• **Material provided**:
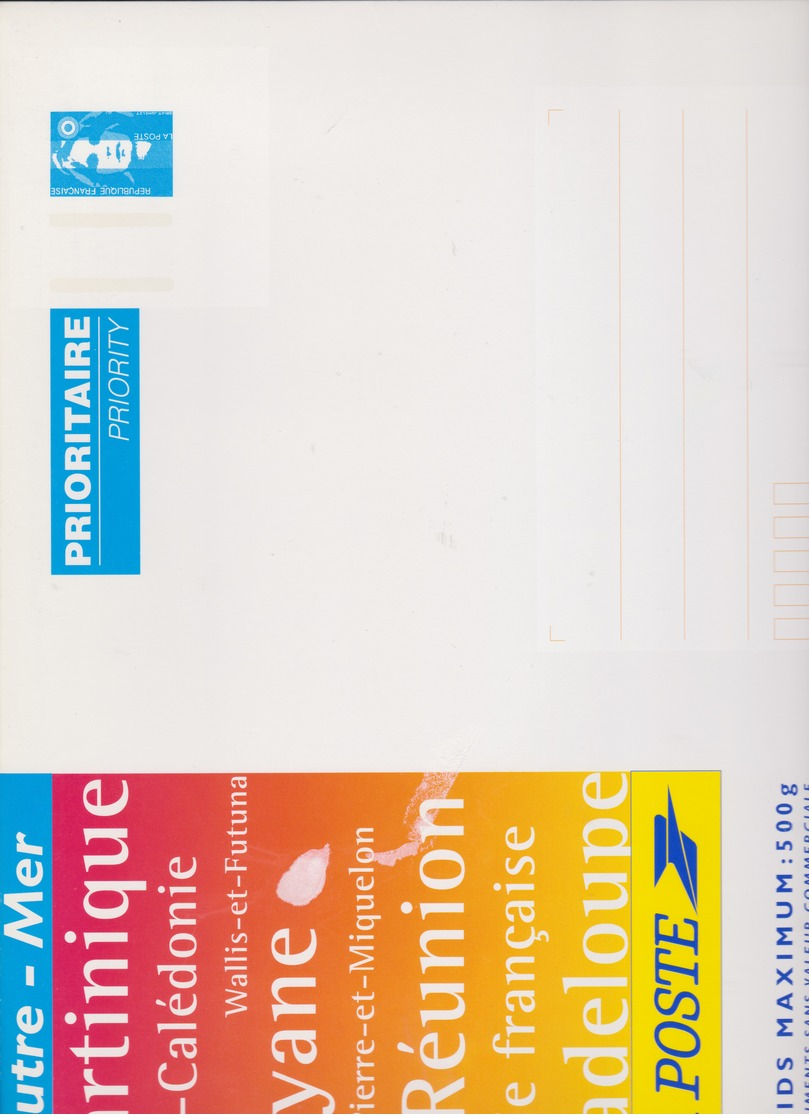 FRANCE 1 Entier Postal Enveloppe N°YT 2806-E10 1997 Marianne De Briat Bleu DOMTOM Enveloppe Cartonnée 328*248 Pour 500 G - Prêts-à-poster:  Autres (1995-...)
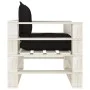 Wooden garden pallet sofa with black cushions by vidaXL, Outdoor sofas - Ref: Foro24-3052348, Price: 109,11 €, Discount: %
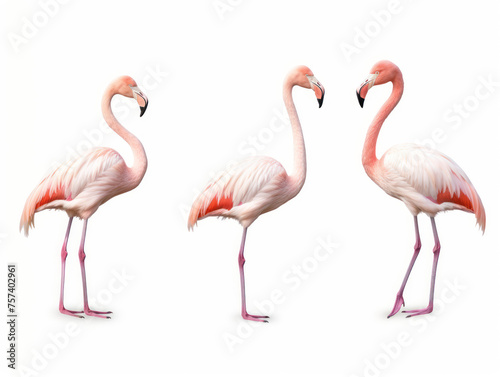 flamingo collection set isolated on transparent background, transparency image, removed background © transparentfritz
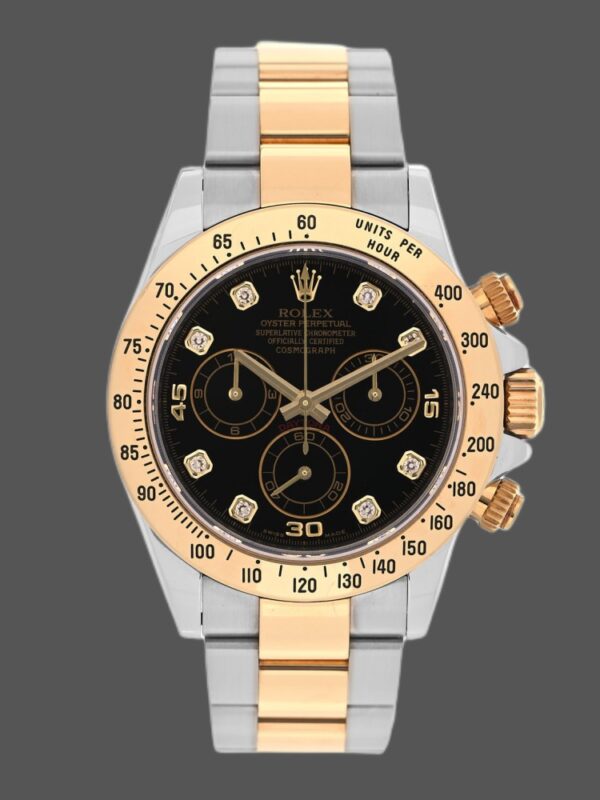 Rolex Daytona 116523 Stainless Steel Black Diamond Dial 40mm Mens Replica Watch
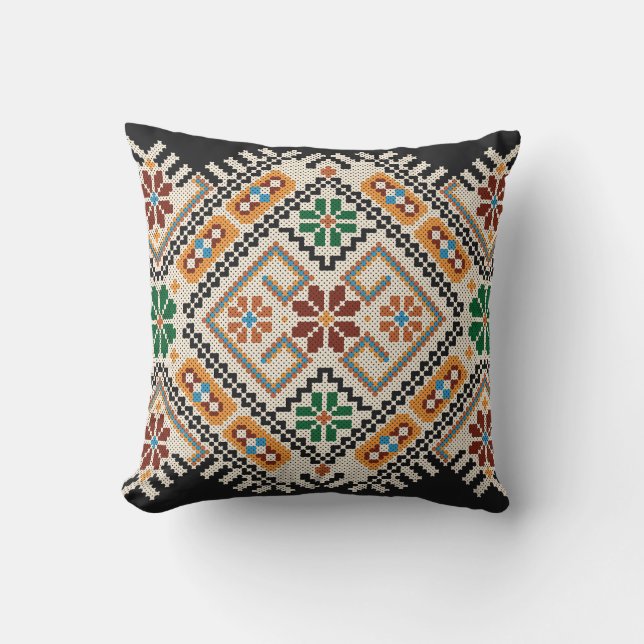 Coussin Crochet ukrainien : Motif artisanal ethnique. (Recto)
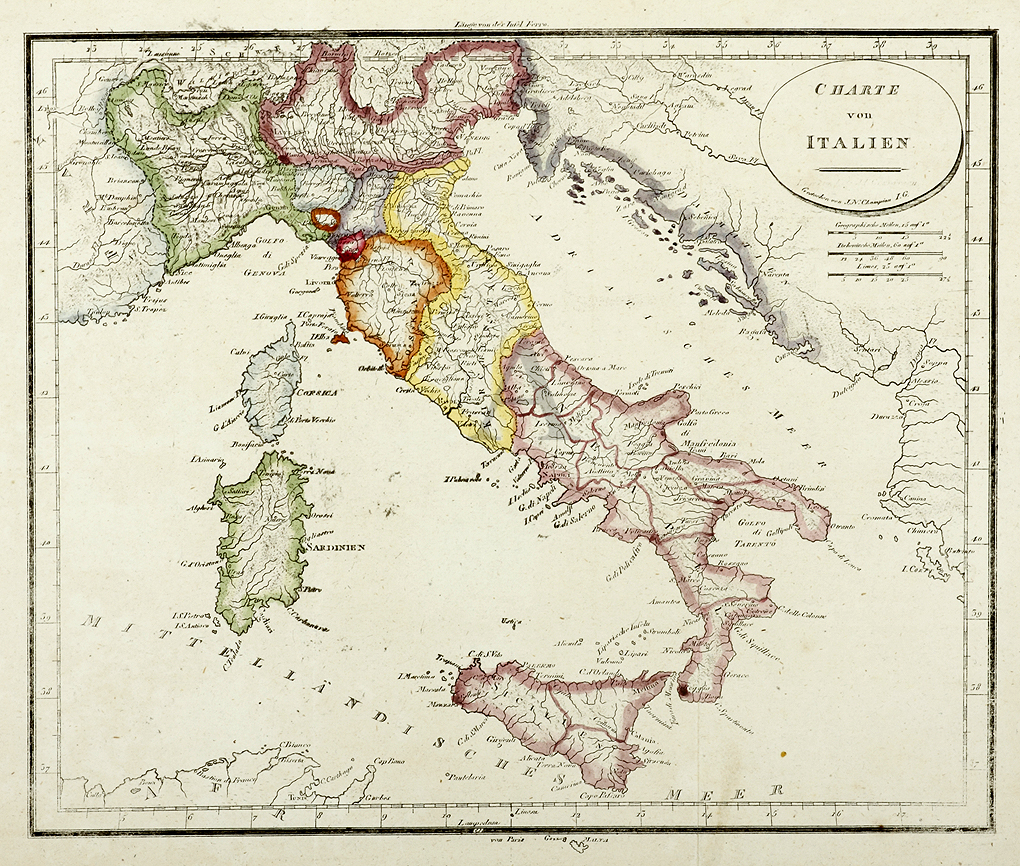 Charte von Italien. - Antique Print from 1820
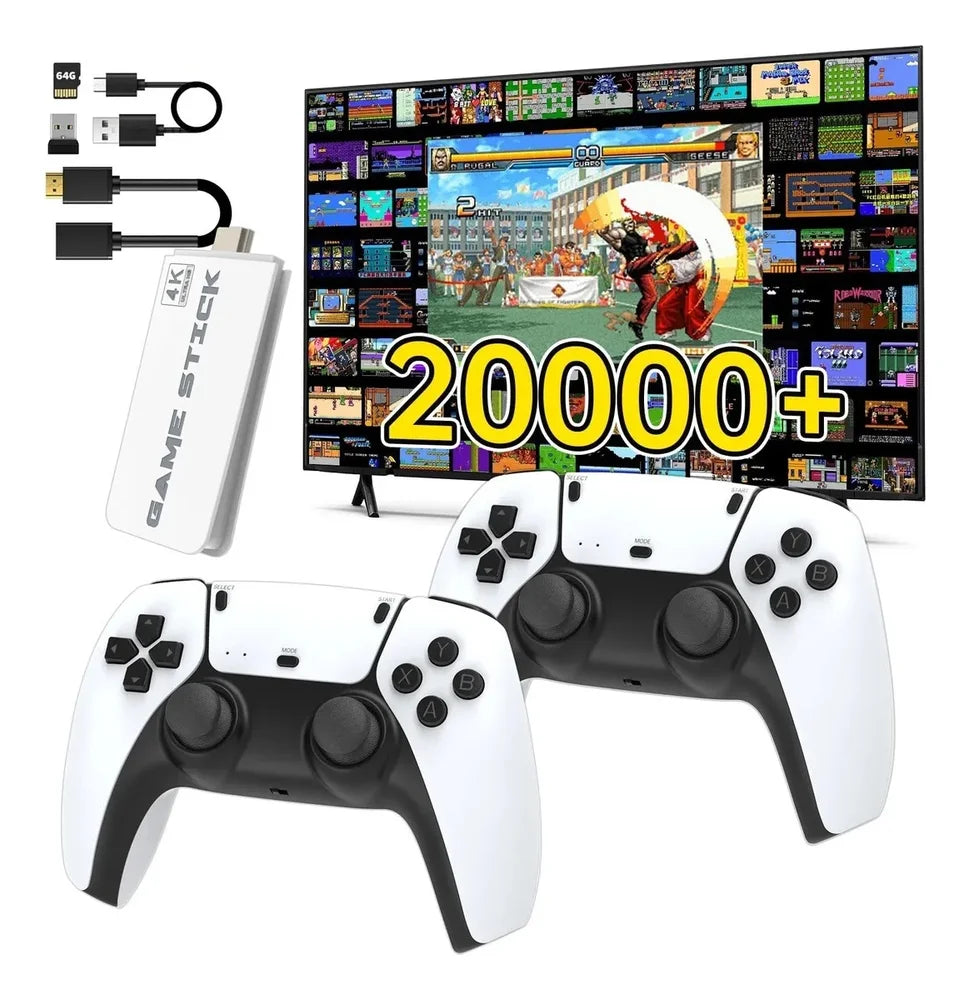 🔥 Mega Promo Console Game Stick M15 Pro 4K 3D 64GB 20mil jogos R36S K5 X12 - Branco 🔥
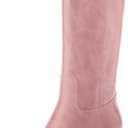 Women's Knee High Boots Square Toe Chunky Block Heel Long Boots for Women Comfortable Slip on Low Heel Womens Riding Boot. (8.5, Pink1)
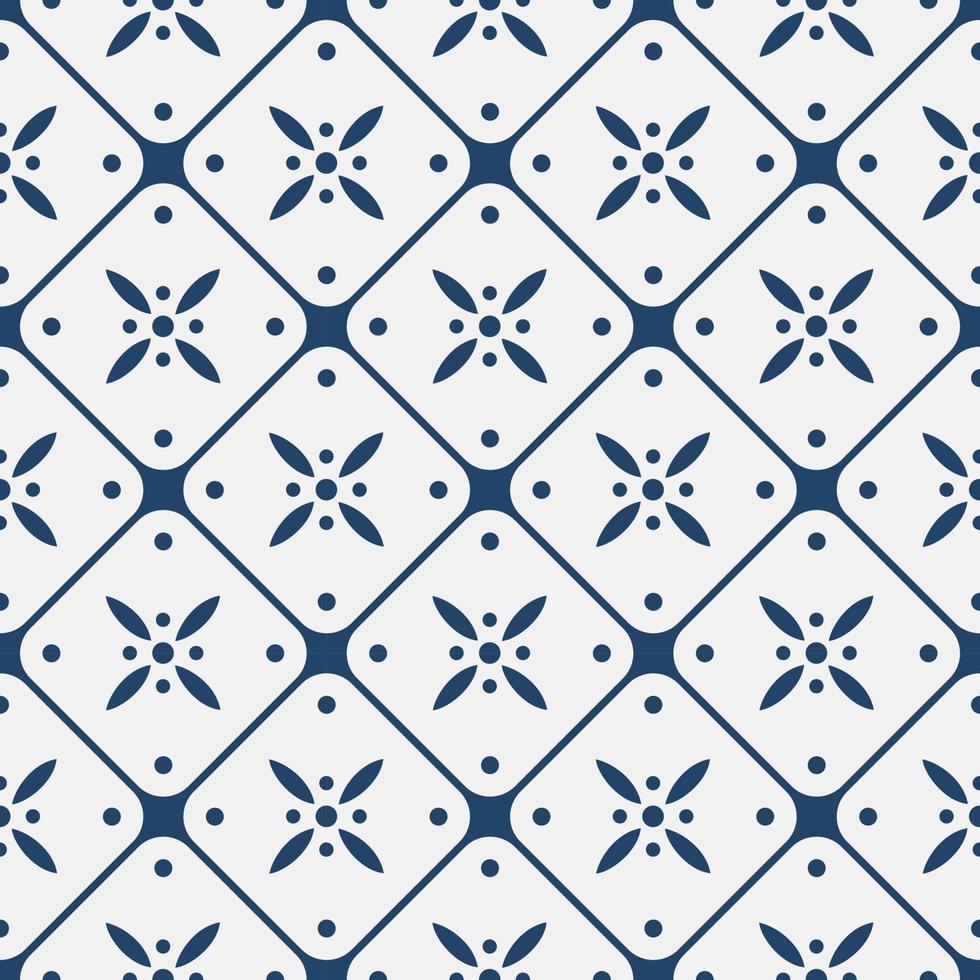 Blue and white delft pattern vector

• **What the task requires**: I would like the lines from the one with "Wooden garden pallet" through the last line of the data above retyped exactly, with pictures left out, please.

• **Exercise result**:
 Wooden garden pallet sofa with black cushions by vidaXL, Outdoor sofas - Ref: Foro24-3052348, Price: 109,11 €, Discount: %
 flamingo collection set isolated on transparent background, transparency image, removed background © transparentfritz
 Rolex Daytona 116523 Stainless Steel Black Diamond Dial 40mm Mens Replica Watch
 Coussin Crochet ukrainien : Motif artisanal ethnique. (Recto)
 Charte von Italien. - Antique Print from 1820
 🔥 Mega Promo Console Game Stick M15 Pro 4K 3D 64GB 20mil jogos R36S K5 X12 - Branco 🔥
 Women's Knee High Boots Square Toe Chunky Block Heel Long Boots for Women Comfortable Slip on Low Heel Womens Riding Boot. (8.5, Pink1)
 Blue and white delft pattern vector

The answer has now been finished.